Word for word, print out all of the data, omitting every image.

--- PROVIDED DATA Enclosed Below ---

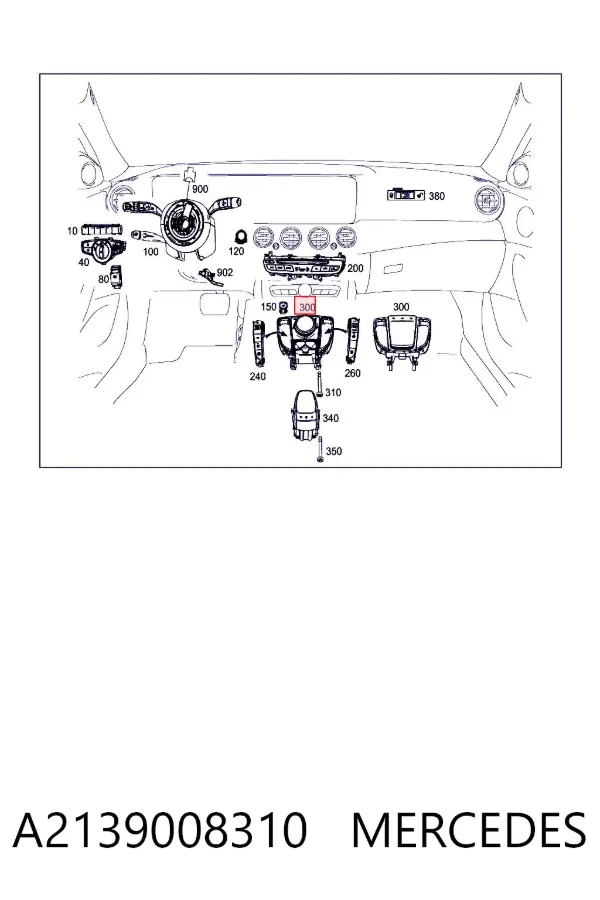 Joystick multifuncional de controlo A2139008310 Mercedes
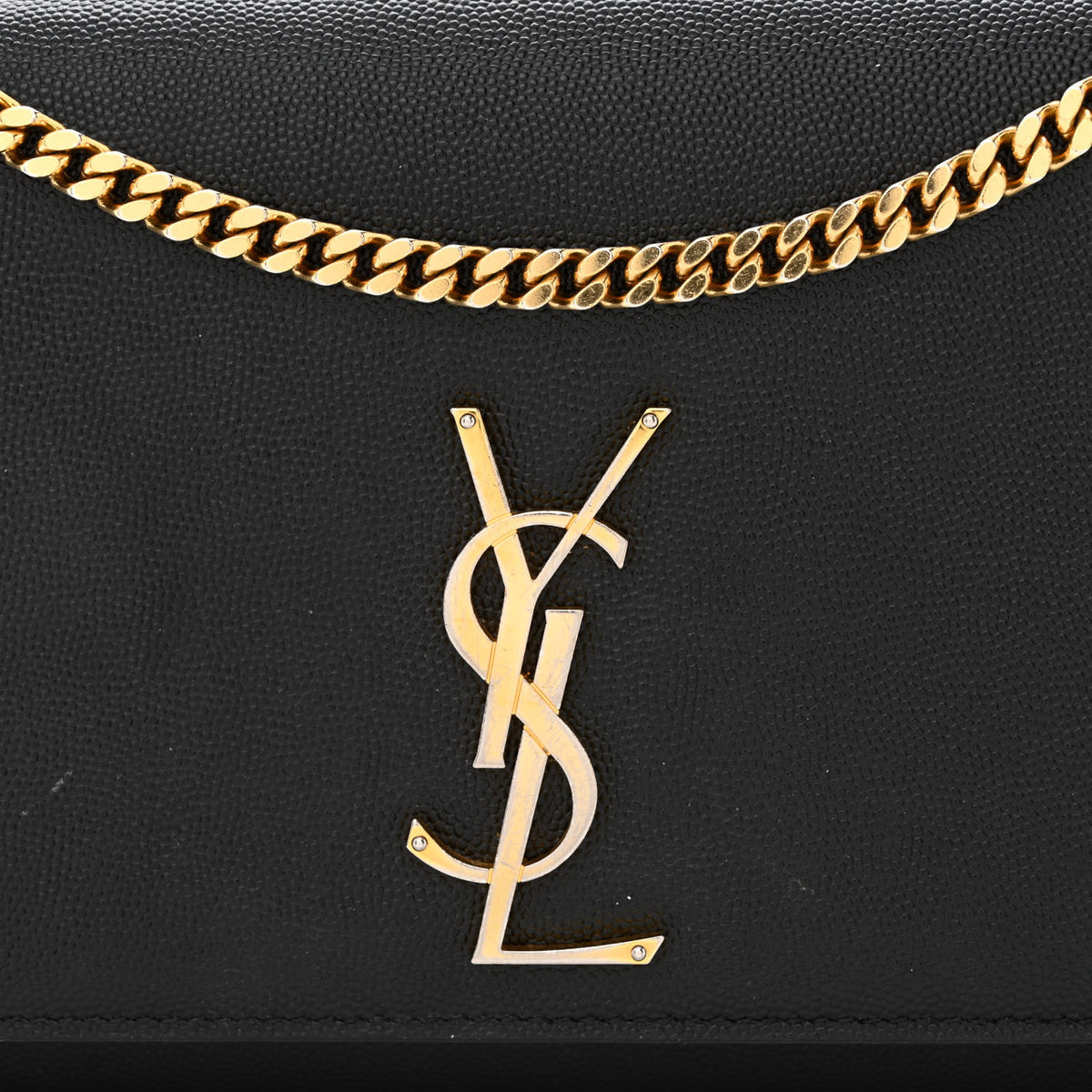 Saint Laurent Grain De Poudre Medium Classic Monogram Kate Satchel Black 8 of 17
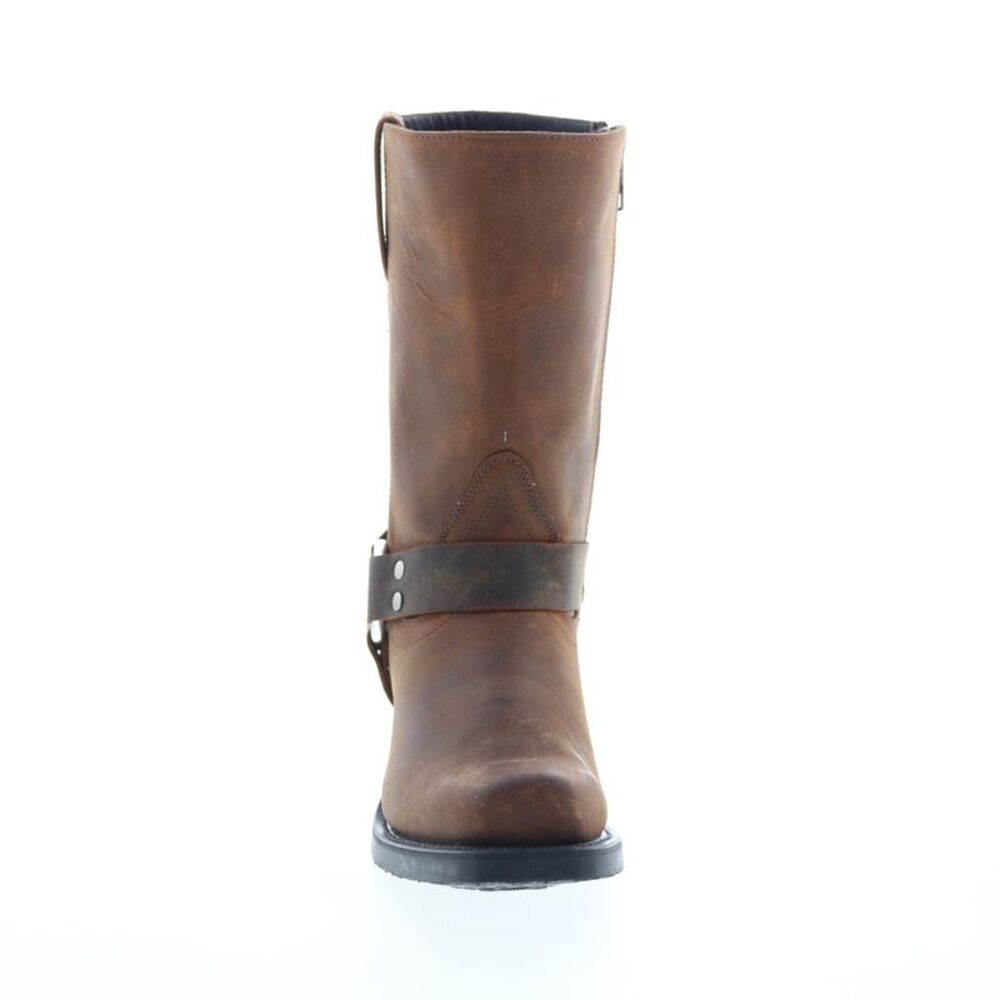 Jama Old West Womens Harness Boot Brown Boots (NWT) - Picture 2 of 4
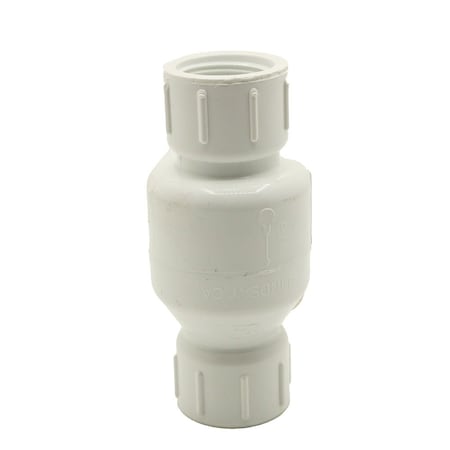 Thrifco Plumbing 1-1/2 Inch Threaded PVC Swing Check Valve 6415314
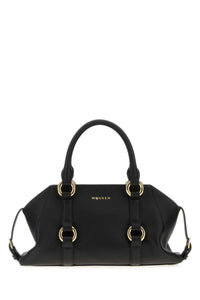 ALEXANDER MCQUEEN Alexander Mcqueen Women Black Leather Small Farringdon Handbag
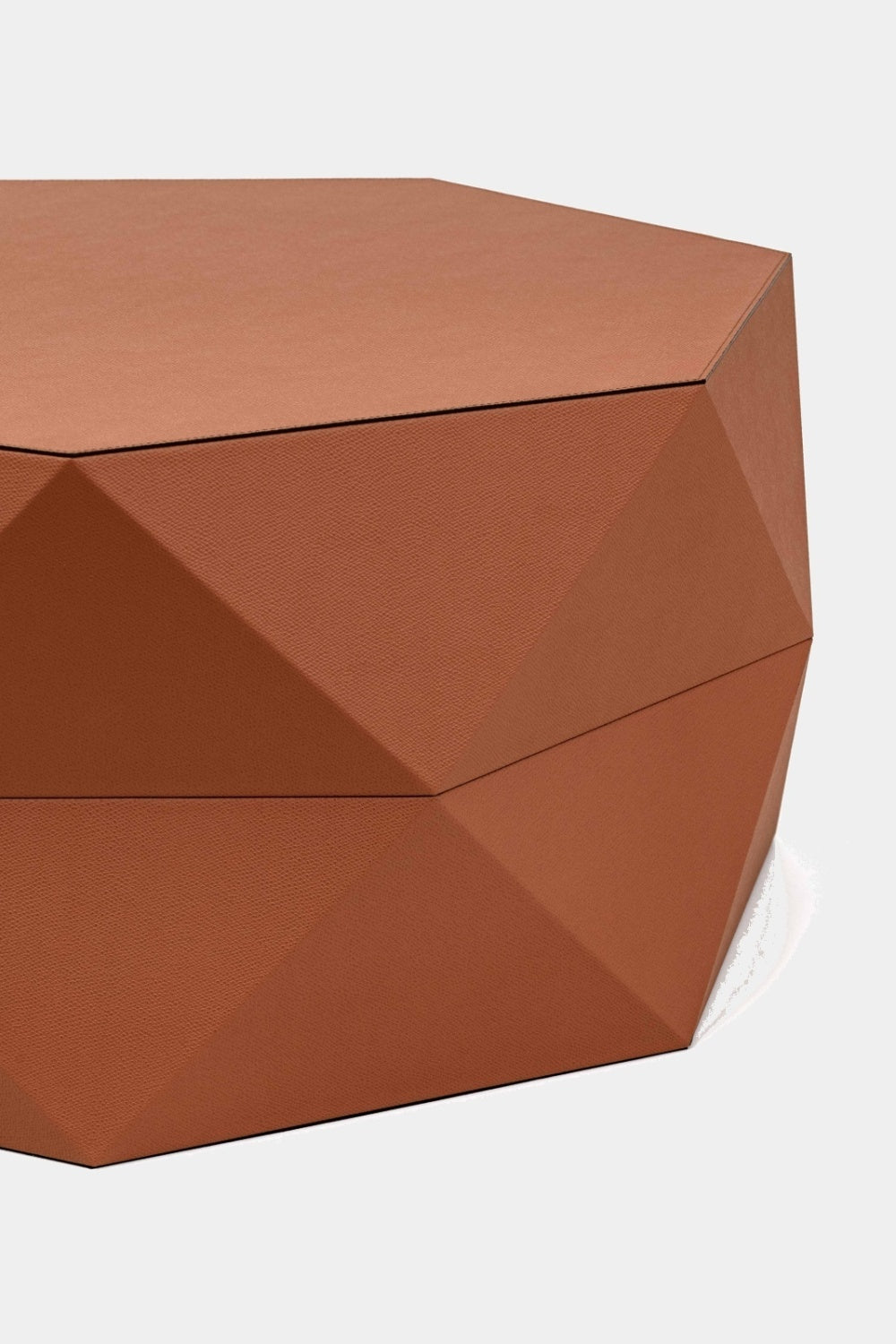Pinetti Kožený designový stolek EUCLIDE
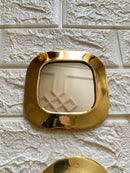 Small Unlacquered Brass Mirror - Small Decorative Mirrors Small Unlacquered Brass Mirror - Small Decorative Mirrors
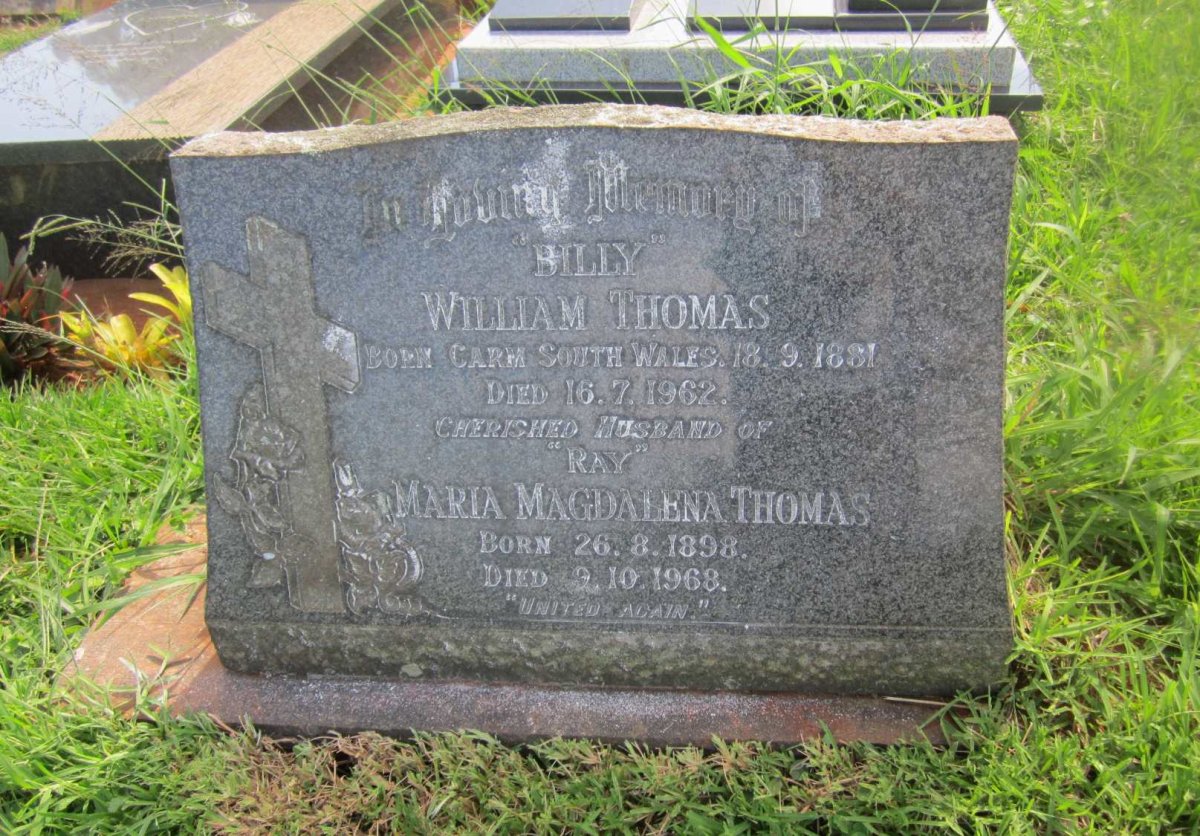 THOMAS William 1881-1962 &amp; Maria Magdalena 1898-1968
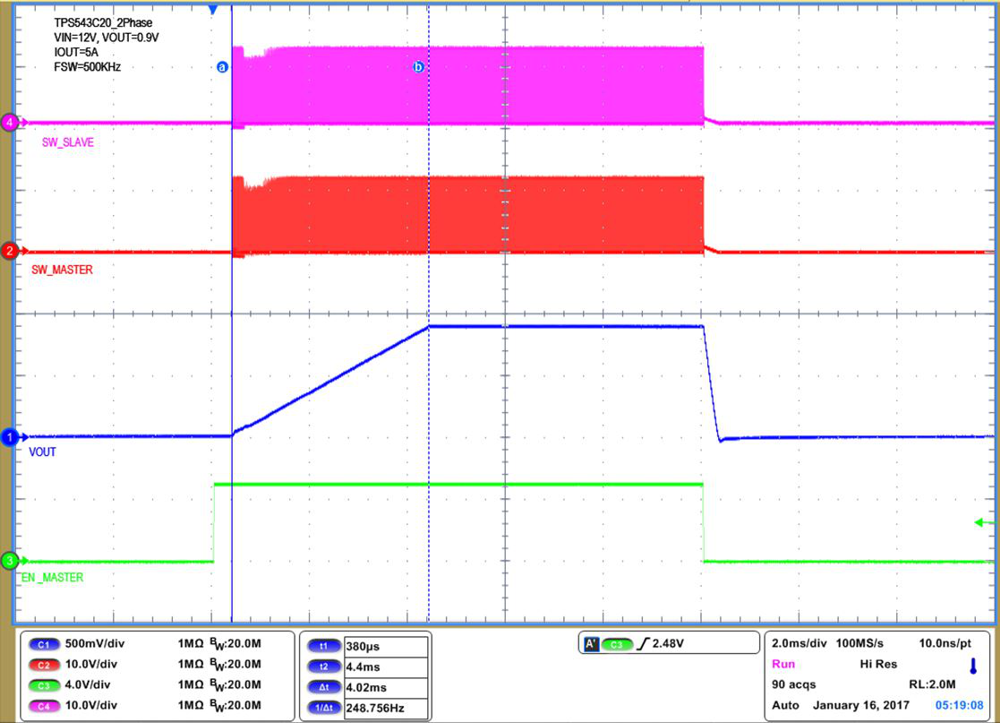 TPS543C20 Startup_and_shutdown_IOUT=5A_SLUSCD4.png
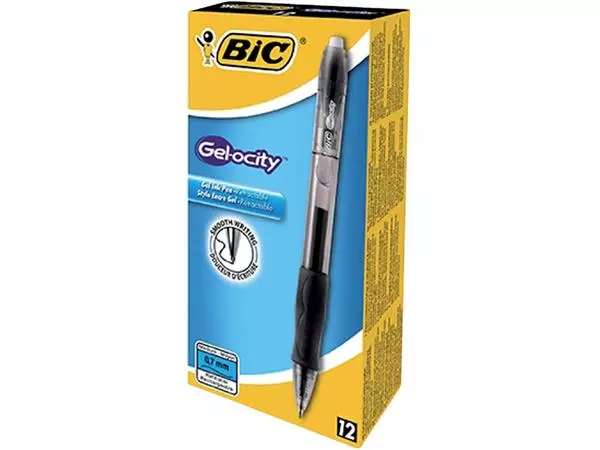 Een GELSCHRIJVER BIC GELOCITY M ZWART koop je bij Kantoorvakhandel van der Heijde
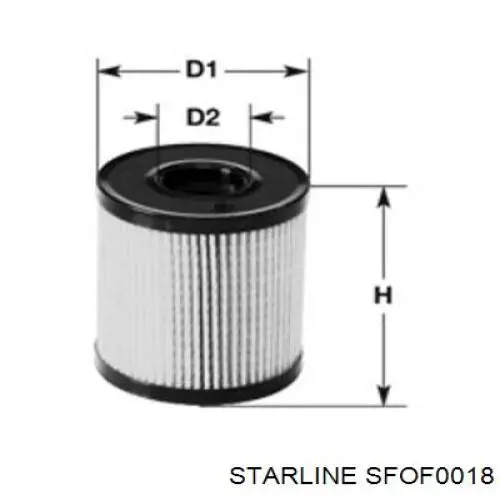 Масляный фильтр SFOF0018 Starline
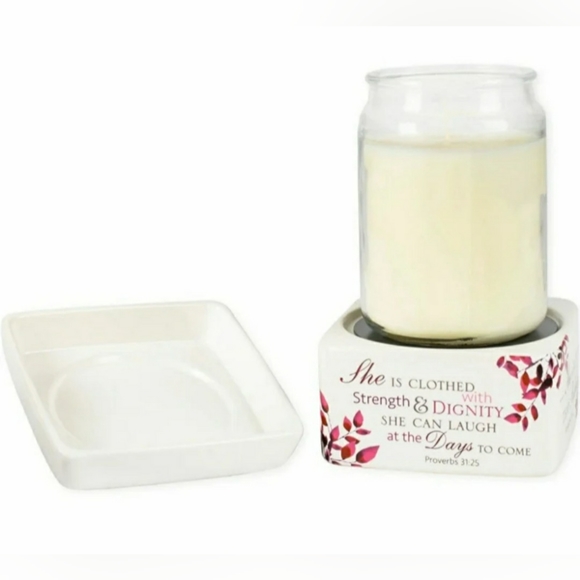 Elanze Designs More Precious Than Rubies Proverbs 31 Woman Ceramic Wax Warmer - Picture 4 of 5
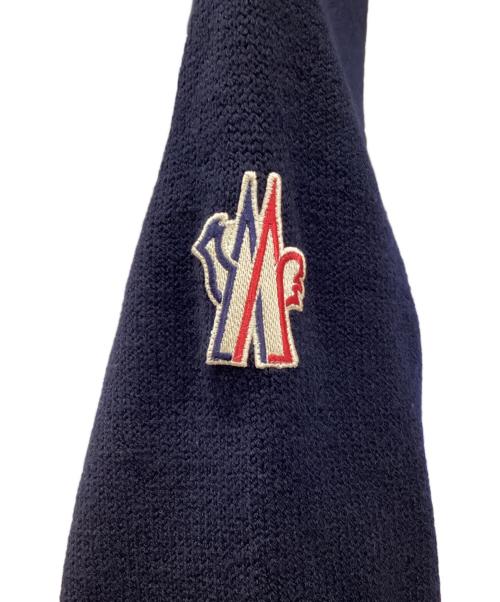 MONCLER GRENOBLE（モンクレール グルノーブル）MONCLER GRENOBLE (モンクレール グルノーブル) CARDIGAN TRICOT(カーディガントリコット)ニットコンビダウンジャケット ネイビー サイズ:Sの古着・服飾アイテム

--- End of Enclosed PROVIDED DATA ---

- RESPONSE AREA
 Joystick multifuncional de controlo A2139008310 Mercedes
 Saint Laurent Grain De Poudre Medium Classic Monogram Kate Satchel Black 8 of 17
 Jama Old West Womens Harness Boot Brown Boots (NWT) - Picture 2 of 4
 Thrifco Plumbing 1-1/2 Inch Threaded PVC Swing Check Valve 6415314
 ALEXANDER MCQUEEN Alexander Mcqueen Women Black Leather Small Farringdon Handbag
Pinetti Kožený designový stolek EUCLIDE
 Small Unlacquered Brass Mirror - Small Decorative Mirrors Small Unlacquered Brass Mirror - Small Decorative Mirrors
 THOMAS William 1881-1962 &amp; Maria Magdalena 1898-1968
 TPS543C20 Startup_and_shutdown_IOUT=5A_SLUSCD4.png
 Een GELSCHRIJVER BIC GELOCITY M ZWART koop je bij Kantoorvakhandel van der Heijde
 Масляный фильтр SFOF0018 Starline
 Elanze Designs More Precious Than Rubies Proverbs 31 Woman Ceramic Wax Warmer - Picture 4 of 5
 MONCLER GRENOBLE（モンクレール グルノーブル）MONCLER GRENOBLE (モンクレール グルノーブル) CARDIGAN TRICOT(カーディガントリコット)ニットコンビダウンジャケット ネイビー サイズ:Sの古着・服飾アイテム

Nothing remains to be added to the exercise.